EVASION. De plus en plus de plaisanciers s'aventurent sur cette voie maritime que le réchauffement climatique rend chaque année plus praticable.
Cette navigation est un rêve pour beaucoup de marins. Uniquement franchissable pendant le court été arctique, le passage du Nord-Ouest, situé entre le détroit de Davis et la mer de Beaufort, attire de plus en plus de plaisanciers fascinés par ce défi à la fois maritime et culturel. Un intérêt accru depuis que le réchauffement climatique rend la traversée plus facile.
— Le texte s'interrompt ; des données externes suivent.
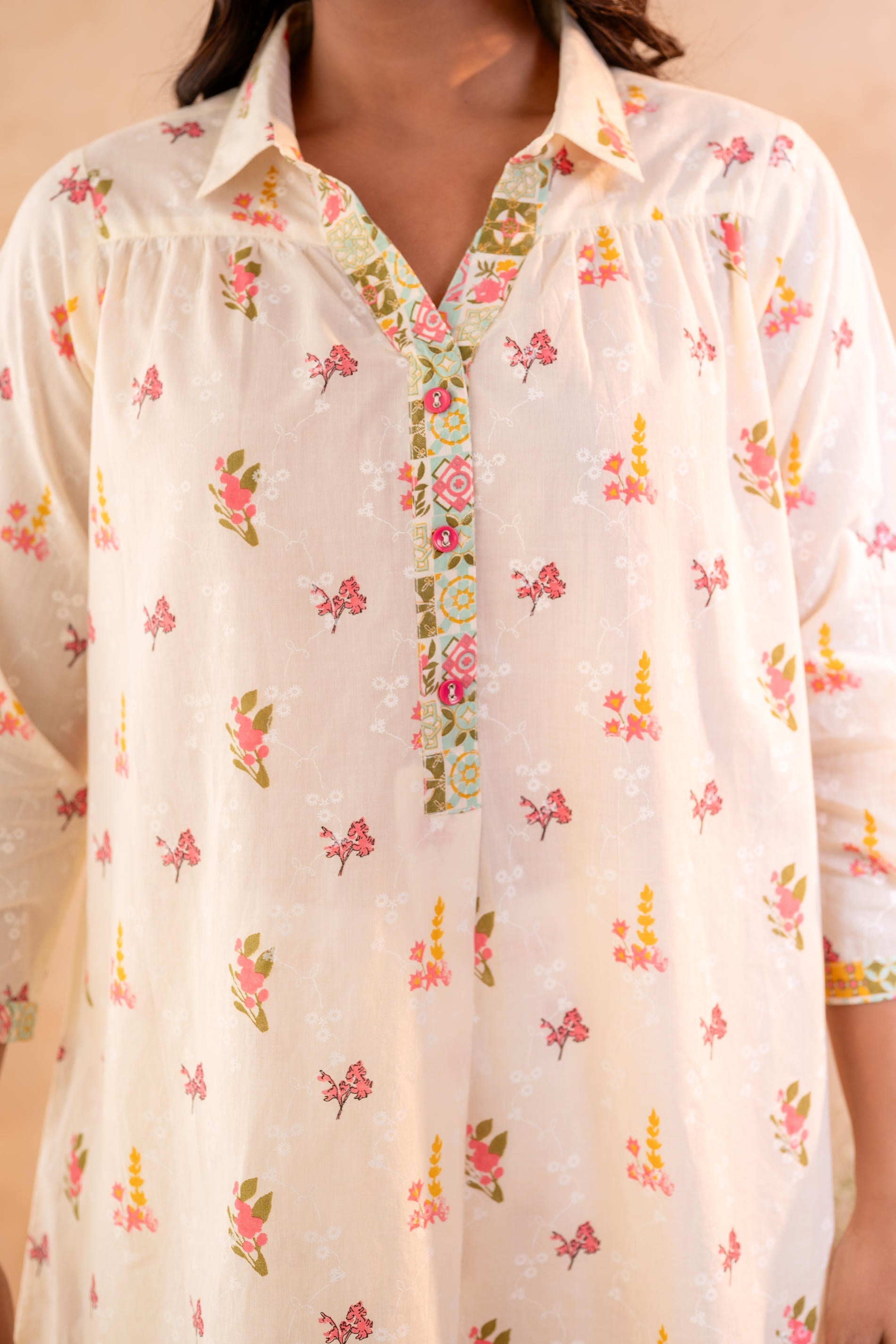 Juniper Off-White Garden Print Co-ord Set - Distacart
Plus facile, certes, mais toujours sujette aux aléas climatiques.
«L'ouverture est très variable d'une année sur l'autre, explique Frédéric Lasserre, professeur au département Géographie de l'université de Laval, au Québec. Pendant longtemps, les chenaux les plus au sud s'ouvraient. Depuis 2009-2010, ce sont ceux du nord, comme le détroit de McClure, qui s'ouvrent le plus longtemps.» Chemins rares, chenaux souvent barrés par la glace, le passage du Nord-Ouest se renouvelle chaque année, faisant de chaque traversée une aventure différente.
En 2009, une vingtaine de voiliers avaient réussi le transit. Cette année, 20 bateaux y sont à nouveau parvenus. Et le chiffre ne devrait qu'augmenter.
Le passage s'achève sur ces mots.